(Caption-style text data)
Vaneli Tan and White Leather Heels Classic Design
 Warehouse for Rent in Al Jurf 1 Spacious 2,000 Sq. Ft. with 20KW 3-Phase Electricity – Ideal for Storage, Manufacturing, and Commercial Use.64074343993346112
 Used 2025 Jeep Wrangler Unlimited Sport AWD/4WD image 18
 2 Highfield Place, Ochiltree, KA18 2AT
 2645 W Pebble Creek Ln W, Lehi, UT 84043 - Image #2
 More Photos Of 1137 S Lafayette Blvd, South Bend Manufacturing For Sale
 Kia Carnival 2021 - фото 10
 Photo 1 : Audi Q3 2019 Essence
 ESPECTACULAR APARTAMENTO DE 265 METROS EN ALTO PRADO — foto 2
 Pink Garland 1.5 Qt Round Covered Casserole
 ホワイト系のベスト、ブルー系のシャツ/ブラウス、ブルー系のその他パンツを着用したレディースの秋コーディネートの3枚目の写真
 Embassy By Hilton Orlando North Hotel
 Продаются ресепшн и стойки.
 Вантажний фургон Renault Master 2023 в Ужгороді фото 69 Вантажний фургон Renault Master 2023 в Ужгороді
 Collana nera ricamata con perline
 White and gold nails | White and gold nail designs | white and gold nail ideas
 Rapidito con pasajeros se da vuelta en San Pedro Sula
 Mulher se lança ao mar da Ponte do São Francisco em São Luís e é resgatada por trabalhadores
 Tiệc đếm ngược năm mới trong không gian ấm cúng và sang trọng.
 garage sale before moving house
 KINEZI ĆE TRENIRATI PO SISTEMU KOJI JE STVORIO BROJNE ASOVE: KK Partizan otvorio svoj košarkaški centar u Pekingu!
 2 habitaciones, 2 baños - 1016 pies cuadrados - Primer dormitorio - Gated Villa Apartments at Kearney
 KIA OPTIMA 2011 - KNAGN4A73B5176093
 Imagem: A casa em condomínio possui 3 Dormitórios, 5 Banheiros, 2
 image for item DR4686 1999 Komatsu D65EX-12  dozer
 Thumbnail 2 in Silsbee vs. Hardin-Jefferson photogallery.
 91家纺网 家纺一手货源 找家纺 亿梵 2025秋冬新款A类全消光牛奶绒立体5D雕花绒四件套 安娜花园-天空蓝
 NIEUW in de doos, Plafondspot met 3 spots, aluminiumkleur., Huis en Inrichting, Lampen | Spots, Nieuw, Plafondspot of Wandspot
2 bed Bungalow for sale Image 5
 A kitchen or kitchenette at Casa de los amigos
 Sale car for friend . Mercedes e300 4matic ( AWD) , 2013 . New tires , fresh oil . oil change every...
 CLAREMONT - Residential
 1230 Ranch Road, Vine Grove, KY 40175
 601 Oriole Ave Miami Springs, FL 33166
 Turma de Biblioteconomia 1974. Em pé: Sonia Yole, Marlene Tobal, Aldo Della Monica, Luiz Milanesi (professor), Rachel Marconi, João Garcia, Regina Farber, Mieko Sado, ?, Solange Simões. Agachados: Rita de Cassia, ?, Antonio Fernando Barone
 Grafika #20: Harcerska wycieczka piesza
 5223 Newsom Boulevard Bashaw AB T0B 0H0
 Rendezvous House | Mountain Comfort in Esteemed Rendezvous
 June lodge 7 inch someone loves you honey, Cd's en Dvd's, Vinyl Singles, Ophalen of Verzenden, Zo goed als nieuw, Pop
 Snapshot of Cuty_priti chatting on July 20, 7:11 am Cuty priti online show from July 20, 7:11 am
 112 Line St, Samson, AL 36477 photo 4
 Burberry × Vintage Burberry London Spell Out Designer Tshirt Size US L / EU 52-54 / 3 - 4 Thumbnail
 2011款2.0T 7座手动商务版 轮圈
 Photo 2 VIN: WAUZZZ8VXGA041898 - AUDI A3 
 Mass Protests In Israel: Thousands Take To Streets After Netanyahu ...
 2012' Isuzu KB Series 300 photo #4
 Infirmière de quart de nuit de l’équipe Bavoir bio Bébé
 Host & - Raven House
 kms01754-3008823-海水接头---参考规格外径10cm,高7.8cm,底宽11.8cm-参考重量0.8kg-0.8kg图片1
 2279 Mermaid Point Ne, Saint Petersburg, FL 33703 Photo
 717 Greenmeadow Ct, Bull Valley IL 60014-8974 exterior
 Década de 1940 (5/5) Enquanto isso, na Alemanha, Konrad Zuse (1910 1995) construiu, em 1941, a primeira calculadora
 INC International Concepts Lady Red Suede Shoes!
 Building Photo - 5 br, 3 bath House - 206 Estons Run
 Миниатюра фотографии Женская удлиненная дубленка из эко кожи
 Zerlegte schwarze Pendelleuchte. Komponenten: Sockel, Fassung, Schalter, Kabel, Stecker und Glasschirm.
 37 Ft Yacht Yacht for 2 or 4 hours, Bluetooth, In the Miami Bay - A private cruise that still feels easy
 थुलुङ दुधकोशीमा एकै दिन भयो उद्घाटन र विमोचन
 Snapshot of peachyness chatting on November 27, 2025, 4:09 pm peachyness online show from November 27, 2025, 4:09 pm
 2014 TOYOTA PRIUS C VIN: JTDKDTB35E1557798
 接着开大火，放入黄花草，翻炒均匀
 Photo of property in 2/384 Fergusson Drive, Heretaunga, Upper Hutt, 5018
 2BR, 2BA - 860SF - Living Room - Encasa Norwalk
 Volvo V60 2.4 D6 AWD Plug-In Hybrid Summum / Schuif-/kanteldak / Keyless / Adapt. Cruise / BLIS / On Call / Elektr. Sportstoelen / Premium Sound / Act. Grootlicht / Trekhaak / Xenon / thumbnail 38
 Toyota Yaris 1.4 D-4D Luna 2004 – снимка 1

#### [Task prompt]
Can you repeat, word for word, every line above from the one containing "2279 Mermaid Point" down to the one containing "Década de 1940", including both?

#### [Exercise response]
 2279 Mermaid Point Ne, Saint Petersburg, FL 33703 Photo
 717 Greenmeadow Ct, Bull Valley IL 60014-8974 exterior
 Década de 1940 (5/5) Enquanto isso, na Alemanha, Konrad Zuse (1910 1995) construiu, em 1941, a primeira calculadora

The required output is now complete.